You don't see me
Source: http://world.guns.ru/ -- None of the opinions in this are mine, I just posted theese for comparison.
OICW ammunition - HE ant TP (target practice) rounds for 20mm and KE 5.56mm NATO round
Caliber: 5.56 mm NATO (KE) and 20x85mm (HE)
Action: Gas operated, rotating bolt (KE), unknowh (HE)
Overall length: 890 mm
Barrel length: 250 mm (KE) 460 mm (HE)
Weigth: ca 5.5 kg empty; ca 6.8 kg loaded
Magazine capacity: 30 rds box (KE) and 6 rds box (HE)
The OICW (Objective Individual Combat Weapon) is very ambitious project of the US military that should enter the service circa 2009. Initially, two teams were selected to made prototypes, but in the 2000 one team, leaded by Alliant Techsystems Inc., won the contract for further development. This team also consist of Heckler&Koch, Dynamit Nobel and some other companies.

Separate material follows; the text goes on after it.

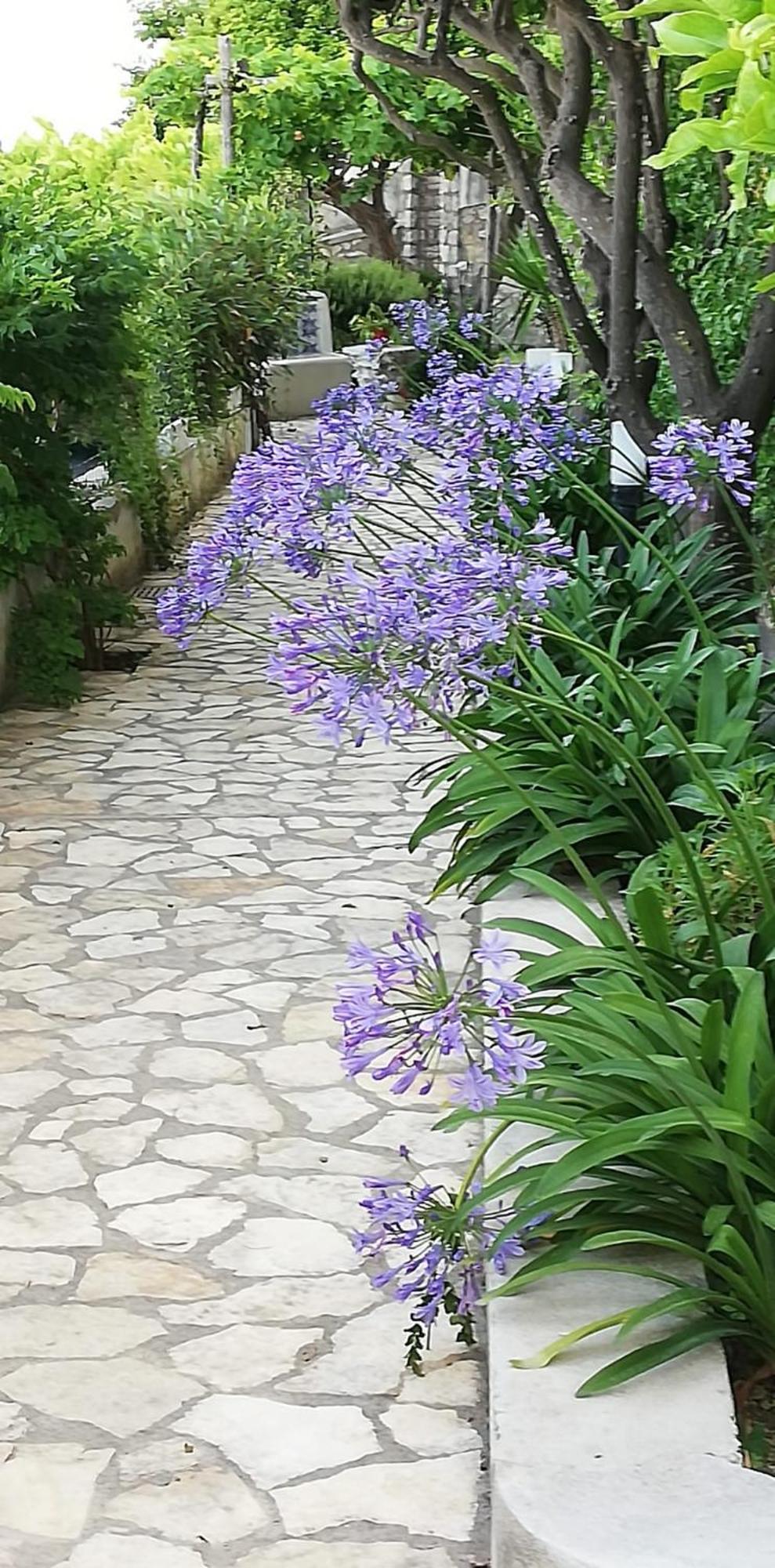 Villa Giardini Luxury Room Capri Exterior foto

The key idea behind the OICW programme is to increase effectivnes of the soldier and the kill probability. To achieve this, the OICW has three major components: the Kinetic Energy (KE) module, which is, in fact, modified Heckler-Koch G36 asault rifle, High Explosive (HE) module, which is a semi-automatic, magazine fed 20mm grenade launcher, and computerized day/night sighting system with integrated laser rangefinder and fire control unit. The system is advertized as being (or GOING TO BE) 5 times more lethal than current M16A2 / M203 combo.
The design of the KE module has nothing new behind it. The only one unusual thind is a set of buttons on the left side of the pistol handle. These buttons control fire computer and laser rangefinder, as well as selection of fire mode (KE or HE).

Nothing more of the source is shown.